2) Get rid at least partially of our static linking mess and ship
some of our internal libraries as shared but private.
See below for an example.

NEITHER OF THE ABOVE WILL AFFECT THE avi* TOOLS!
Because they changes much more slowly and because I wanto to avoid (as
much as is possible) hurting the people who already need only them
(think the transcode-tools package).

* Discussion
------------

* 2. Libraries linking sanitization
-----------------------------------

* 2.1. Linking overload
-----------------------

I've to say that's mostly a fault of mine, but why has the _transcode main 
binary_
to be linked with, say, libX11, when it is import_x11.so to use it?

I'll do a deep review and sanitization of all the above, but my gut feeling 
suggest
it's kinda of intermangled with the point 2 below.

* 2.2. Excessive static linking considered harmful
--------------------------------------------------

That's most a developer thing. I'm pretty sick and tired of the oddities of
our current linking model.
My impression (no numbers, so I'm likely wrong) is that doesn't save us from
the bloat, and for sure it's clumsy and has a fair number of rough edges.

For the best that I can remember, and as far as I know, such model never come
out from a precise design, but it has some good points on his side.

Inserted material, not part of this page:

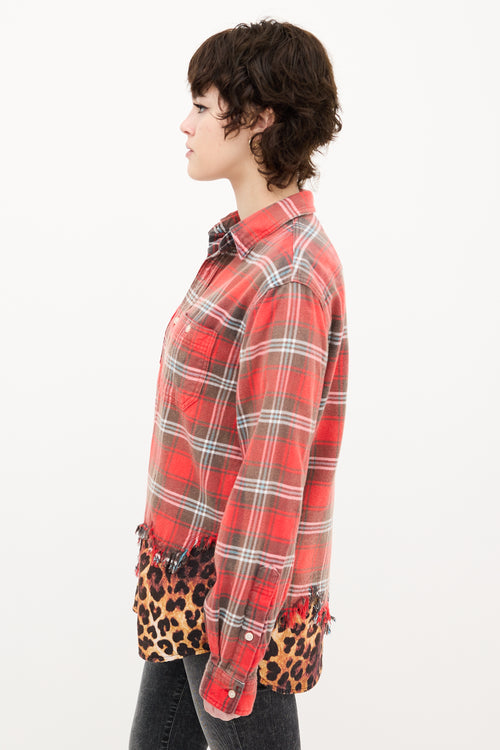 R13 Red & Brown Plaid Tattered Hem Shirt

The key bonus of our current model is that is pointless to ship on the system 
dirs librararies  that noone else uses. There is little or no advantage in 
having, say,
/usr/lib/libtc.so.1
since only the tc* stuff will use it.

On the other hand, since more than on program use such library, there is room
for having it shared. Having the libtc* stuff shared and the tc* programs link 
to them
will save a fair number of headaches and annoyances (at least to me).
How to match those two aspects?


* 2.3. Proposed solution
------------------------

The solution of the dilemma: 
- ship most of internal libraries as shared
- install them on /usr/lib/transcode-1.2.
- ship the binaries on /usr/libexec/transcode-1.2, linked to the above
- ship an helper program into /usr/bin, which will basically do something like

%%%
#!/bin/bash
# tclaunch

EXE="$0"
if  [ "$EXE" == "tclaunch" ]; then
        EXE="$1"
        shift
fi
EXE=$( basename $EXE )

LD_LIBRARY_PATH="/usr/lib/transcode-$VER:$LD_LIBRARY_PATH"

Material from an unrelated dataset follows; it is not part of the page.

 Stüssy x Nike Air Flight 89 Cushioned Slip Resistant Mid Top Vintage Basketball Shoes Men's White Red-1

exec /usr/libexec/transcode-$VER/$EXE $*
%%%

- ship all the (hard)links needed, e.g.

tcdecode-1.2 -> tclaunch-1.2
transcode-1.2 -> tclaunch-1.2


I know there are better and more elegant solution involvingthe ELF header and 
the RPATH/RUNPATH field,
but I think tha above is the most portable and debuggable, since AFAIK we got a 
fair MacOsX userbase
and since I had no reliable access to any OSX box (neither I'll have into the 
foreseeable future)
I don't want to harm them unless it becomes absolutely unavoidable.

Why I said "most of the internal libraries"?
In my opinion, the above will not apply to all libraries. aclib comes to mind 
as the prominent
(and maybe only) example of a library which will be still used as static only, 
as it is speed critical.

The avi* tools will still link only static libraries as said above.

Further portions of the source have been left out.